Many states are coming up with ways to help taxpayers evade a restraint on a significant income tax break. An example of a way states are doing this is by allowing businesses, instead of paying income tax at a personal level, to pay it at the entity level. This has allowed that income to not count towards the SALT (State and Local Tax) cap and has been wisely called the pass-through entity (PTE) tax. In doing this many taxpayers are able to reduce more of their taxes from their own personal income. 

More and more states are trying to adopt this workaround as they are finding that the SALT cap has served them less and less, even Congress is reflecting this concern. While it would be nice for the SALT cap to be dropped completely, like most things, it takes time. As most federal law makers find, it is increasingly difficult to implement a cap or broad law regarding finances as each state has a different cost of living, market, and gross income. 

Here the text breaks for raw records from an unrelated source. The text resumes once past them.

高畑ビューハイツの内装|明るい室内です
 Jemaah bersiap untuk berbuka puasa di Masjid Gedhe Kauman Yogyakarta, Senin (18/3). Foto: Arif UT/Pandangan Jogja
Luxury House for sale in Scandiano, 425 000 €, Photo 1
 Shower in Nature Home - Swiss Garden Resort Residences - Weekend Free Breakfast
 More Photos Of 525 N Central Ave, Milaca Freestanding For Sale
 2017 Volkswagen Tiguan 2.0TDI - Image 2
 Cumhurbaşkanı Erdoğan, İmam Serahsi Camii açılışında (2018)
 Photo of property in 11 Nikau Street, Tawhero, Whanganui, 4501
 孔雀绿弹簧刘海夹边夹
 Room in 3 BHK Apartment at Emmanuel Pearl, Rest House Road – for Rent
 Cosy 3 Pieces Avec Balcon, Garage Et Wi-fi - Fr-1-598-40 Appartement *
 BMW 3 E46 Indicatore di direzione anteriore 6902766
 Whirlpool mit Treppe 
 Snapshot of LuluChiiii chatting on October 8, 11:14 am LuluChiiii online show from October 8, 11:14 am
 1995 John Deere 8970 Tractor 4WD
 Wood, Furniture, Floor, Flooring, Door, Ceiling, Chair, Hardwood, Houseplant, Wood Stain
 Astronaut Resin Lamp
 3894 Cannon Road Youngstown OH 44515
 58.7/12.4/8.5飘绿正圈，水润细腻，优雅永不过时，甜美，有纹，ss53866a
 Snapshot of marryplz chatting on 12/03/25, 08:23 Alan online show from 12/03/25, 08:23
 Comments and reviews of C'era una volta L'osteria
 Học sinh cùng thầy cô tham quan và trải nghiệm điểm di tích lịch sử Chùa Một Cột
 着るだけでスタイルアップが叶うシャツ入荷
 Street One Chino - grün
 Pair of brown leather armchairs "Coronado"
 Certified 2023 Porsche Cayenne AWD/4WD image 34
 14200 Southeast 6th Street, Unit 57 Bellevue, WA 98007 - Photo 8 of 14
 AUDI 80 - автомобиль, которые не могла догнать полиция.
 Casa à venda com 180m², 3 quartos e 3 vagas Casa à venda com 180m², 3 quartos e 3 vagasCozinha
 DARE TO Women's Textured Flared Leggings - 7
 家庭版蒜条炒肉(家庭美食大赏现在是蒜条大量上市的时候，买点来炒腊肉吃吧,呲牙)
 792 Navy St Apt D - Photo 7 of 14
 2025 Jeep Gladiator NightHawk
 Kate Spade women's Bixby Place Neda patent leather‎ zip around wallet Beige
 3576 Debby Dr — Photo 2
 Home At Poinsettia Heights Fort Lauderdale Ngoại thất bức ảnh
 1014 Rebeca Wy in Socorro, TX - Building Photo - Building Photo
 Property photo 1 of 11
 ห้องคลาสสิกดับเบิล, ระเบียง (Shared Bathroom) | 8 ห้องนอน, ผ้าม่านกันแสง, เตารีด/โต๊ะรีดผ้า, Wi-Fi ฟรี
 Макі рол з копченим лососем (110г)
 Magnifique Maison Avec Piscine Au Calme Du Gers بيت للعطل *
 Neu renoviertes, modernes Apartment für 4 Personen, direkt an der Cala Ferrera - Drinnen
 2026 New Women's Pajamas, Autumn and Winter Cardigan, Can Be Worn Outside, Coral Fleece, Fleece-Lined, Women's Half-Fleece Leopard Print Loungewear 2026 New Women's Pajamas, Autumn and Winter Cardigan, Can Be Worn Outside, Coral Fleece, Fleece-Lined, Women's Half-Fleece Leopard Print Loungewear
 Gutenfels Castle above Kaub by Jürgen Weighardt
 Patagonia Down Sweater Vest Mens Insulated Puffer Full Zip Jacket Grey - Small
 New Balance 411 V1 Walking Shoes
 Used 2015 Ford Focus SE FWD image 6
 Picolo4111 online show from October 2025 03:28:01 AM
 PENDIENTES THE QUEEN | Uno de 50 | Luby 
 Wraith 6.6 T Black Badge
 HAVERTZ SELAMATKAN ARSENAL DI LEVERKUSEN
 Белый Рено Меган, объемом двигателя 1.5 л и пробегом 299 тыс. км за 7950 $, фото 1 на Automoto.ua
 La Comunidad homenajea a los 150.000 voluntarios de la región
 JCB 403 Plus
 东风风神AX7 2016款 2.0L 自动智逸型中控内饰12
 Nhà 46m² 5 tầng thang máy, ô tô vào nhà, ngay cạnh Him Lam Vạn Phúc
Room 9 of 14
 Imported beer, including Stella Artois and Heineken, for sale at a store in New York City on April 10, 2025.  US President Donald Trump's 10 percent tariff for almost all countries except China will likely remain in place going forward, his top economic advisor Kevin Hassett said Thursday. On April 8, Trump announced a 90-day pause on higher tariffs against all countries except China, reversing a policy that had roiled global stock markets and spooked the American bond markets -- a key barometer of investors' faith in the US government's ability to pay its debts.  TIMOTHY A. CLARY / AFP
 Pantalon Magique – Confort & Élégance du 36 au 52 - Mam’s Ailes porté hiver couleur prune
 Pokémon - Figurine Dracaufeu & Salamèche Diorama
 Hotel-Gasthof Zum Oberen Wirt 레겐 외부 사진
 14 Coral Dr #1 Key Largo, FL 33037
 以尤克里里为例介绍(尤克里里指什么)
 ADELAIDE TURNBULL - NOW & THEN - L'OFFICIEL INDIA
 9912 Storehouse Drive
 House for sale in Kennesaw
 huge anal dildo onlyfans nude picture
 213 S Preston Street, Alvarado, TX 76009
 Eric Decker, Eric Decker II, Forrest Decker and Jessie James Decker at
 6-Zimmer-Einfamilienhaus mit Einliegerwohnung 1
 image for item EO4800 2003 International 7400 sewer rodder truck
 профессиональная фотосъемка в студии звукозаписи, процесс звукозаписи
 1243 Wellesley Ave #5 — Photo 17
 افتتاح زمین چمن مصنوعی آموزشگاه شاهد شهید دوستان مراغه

On the opposite end of this issue, even PTE is not a solid option that works well for each state. This effects everyone differently even within the same industry, holding partners of a firm at a different standard of exemption than an executive assistant in that very same firm who would receive no exemption from the SALT cap.

In the meantime, it seems as though PTE is catching momentum as it does not hold the states liable for taxes that residents are able to reduce at the federal level. Although, it makes state taxes messier, it seems as though more and more residents and Congressmen are willing to stand up and work to overturn this cap.